• Information provided
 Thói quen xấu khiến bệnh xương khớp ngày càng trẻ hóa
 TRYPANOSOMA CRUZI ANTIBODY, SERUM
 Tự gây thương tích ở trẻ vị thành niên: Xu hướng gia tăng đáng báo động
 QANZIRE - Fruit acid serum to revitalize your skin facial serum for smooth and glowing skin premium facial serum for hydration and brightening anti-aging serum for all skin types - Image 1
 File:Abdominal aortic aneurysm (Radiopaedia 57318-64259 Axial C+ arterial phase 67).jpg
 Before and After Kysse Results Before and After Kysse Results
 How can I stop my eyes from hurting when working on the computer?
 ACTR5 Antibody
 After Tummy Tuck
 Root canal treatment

--

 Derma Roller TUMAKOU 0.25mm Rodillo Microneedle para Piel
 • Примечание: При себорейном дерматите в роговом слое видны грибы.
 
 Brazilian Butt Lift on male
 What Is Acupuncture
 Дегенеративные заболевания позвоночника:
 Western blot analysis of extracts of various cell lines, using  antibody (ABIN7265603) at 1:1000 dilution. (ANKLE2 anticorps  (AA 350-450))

• Your goal
Where the data above reaches the line holding "TRYPANOSOMA CRUZI ANTIBODY, SERUM", begin printing, and stop after the line holding "Root canal treatment". Each line must be reproduced exactly, with nothing else added.

• Reply
 TRYPANOSOMA CRUZI ANTIBODY, SERUM
 Tự gây thương tích ở trẻ vị thành niên: Xu hướng gia tăng đáng báo động
 QANZIRE - Fruit acid serum to revitalize your skin facial serum for smooth and glowing skin premium facial serum for hydration and brightening anti-aging serum for all skin types - Image 1
 File:Abdominal aortic aneurysm (Radiopaedia 57318-64259 Axial C+ arterial phase 67).jpg
 Before and After Kysse Results Before and After Kysse Results
 How can I stop my eyes from hurting when working on the computer?
 ACTR5 Antibody
 After Tummy Tuck
 Root canal treatment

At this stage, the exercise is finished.